Но если нигилизм – это результат отказа от философии как необходимое примирение контрастов, то Достоевский, именно доводя до крайности нигилизм, выворачивает его наизнанку: эта радикализация «способности отрицания» ставит вне игры любую диалектику гегелианского типа. И именно потому, что проблема Бога составляет единое целое с проблемой смысла и с проблемой самой философии, эта способность отрицания влечёт за собой представление о философии не как о метафизике, а скорее как о вопрошании о смысле из глубины бессмысленного, о существовании Бога из глубины атеизма, и вот поэтому его работа рассматривает две бездны: бездну сомнения и бездну веры.

В «Достоевском» Лукач утверждает, что отрицание Бога, если с одной стороны даёт поле для размышления «Ивановского типа», для которого «всё дозволено», то с другой в то же время заявляет о необходимости представить «аллюзивно – нового, молчащего Бога, нуждающегося в нашей помощи, и верующих в него, полагающих себя атеистами» [13]. Эта парадоксальная мысль ставит вне игры понятие об истине как о сходной по имени с истиной мысли о «других мирах»; это та мысль, которая совпадает с верой, понимаемой не как основание для примирения, с момента, когда берёт начало от «отчаяния» Бога, и которая как таковая не может выражаться логически-денотативным языком, но скорее языком, который может быть только «аллюзивным». Здесь мы имеем дело с парадоксальной истиной – «новый молчащий Бог» – который не может быть объектом напоказ, но может быть только ощущением – как что-то, что должно существовать: так же, как мы видим у Достоевского, когда он утверждает, что предпочитает Христа истине, и отсюда утверждение Лукача, согласно которому «молчание» есть не в начале, а в конце.

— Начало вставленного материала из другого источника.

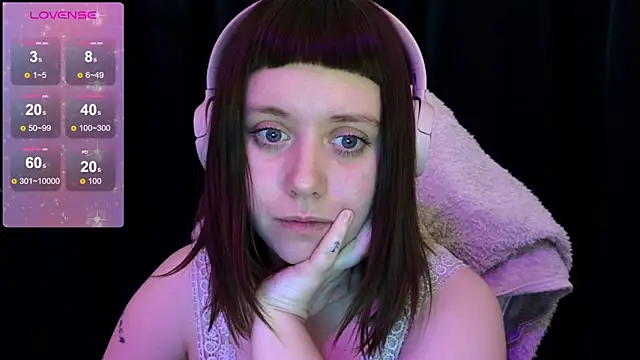 Snapshot of June_shy0 chatting on March 16, 2025, 7:26 am June shy0 online show from March 16, 2025, 7:26 am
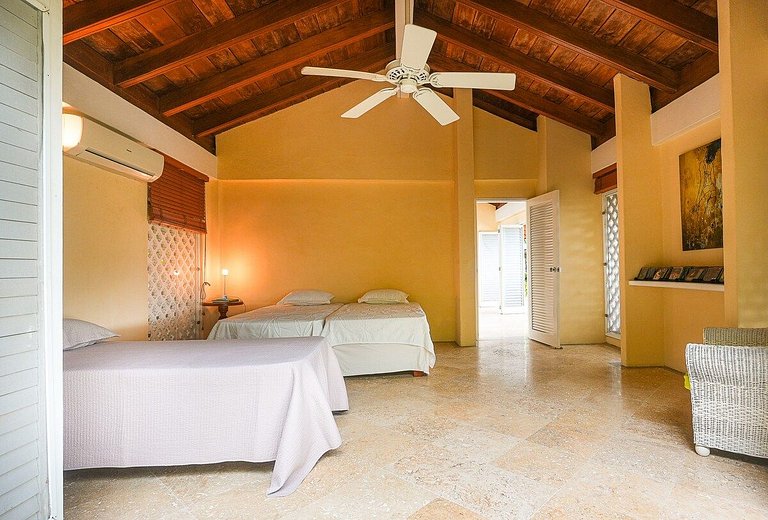 Espaciosa Casa @Baru Cartagena +Piscina
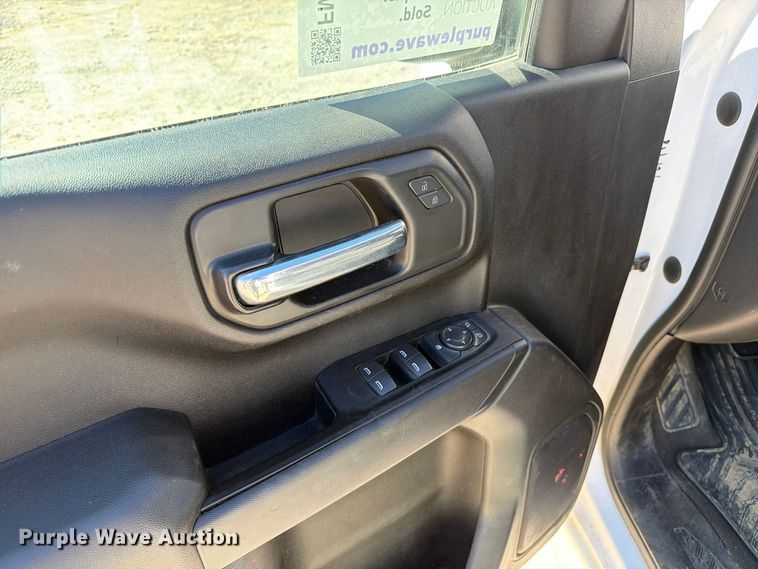 image for item FM6570 2022 Chevrolet Silverado 1500 Crew Cab pickup truck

То есть нужно пройти через произносимый абсолют – другими словами, через приведение смысла к «здесь и сейчас», с последующим уничтожением любой отсылки и любой трансцендентности – чтобы достичь смысла, который, будучи непроизносимым, может быть показан только в молчании. Таким образом, этот нигилизм, отрицая Бога и смысл как метафизические величины за пределами случайного, признаёт истинную трансцендентность Бога и смысла; не Бога и смысл как спасение и искупление ограниченного, бессмысленного, но Бога, который делается человеком, смысла, который делается бессмысленным: это абсолют бессмыслия – «бесполезное страдание», и поэтому «бесчувственное», о котором говорит Иван, отрицая Бога – самому быть местом воплощения смысла (Бога), как отвечает парадоксальным образом Алёша Ивану. В ответе Алёши, действительно, Бог не может объяснить природу и причины бесполезного страдания, потому что это сделало бы страдание ещё более возмутительным, но может только взять на себя это бремя, отдав себя на распятие, чтобы освободить человечество: это превращение в человека со стороны Бога непостижимо для «эвклидовой мысли» Ивана, перед которым такая мысль может только молчать, и это показывает, как всего лишь молчанием можно победить нигилизм, как не случайно показано молчащим Христом перед старым Инквизитором в Легенде о Великом Инквизиторе.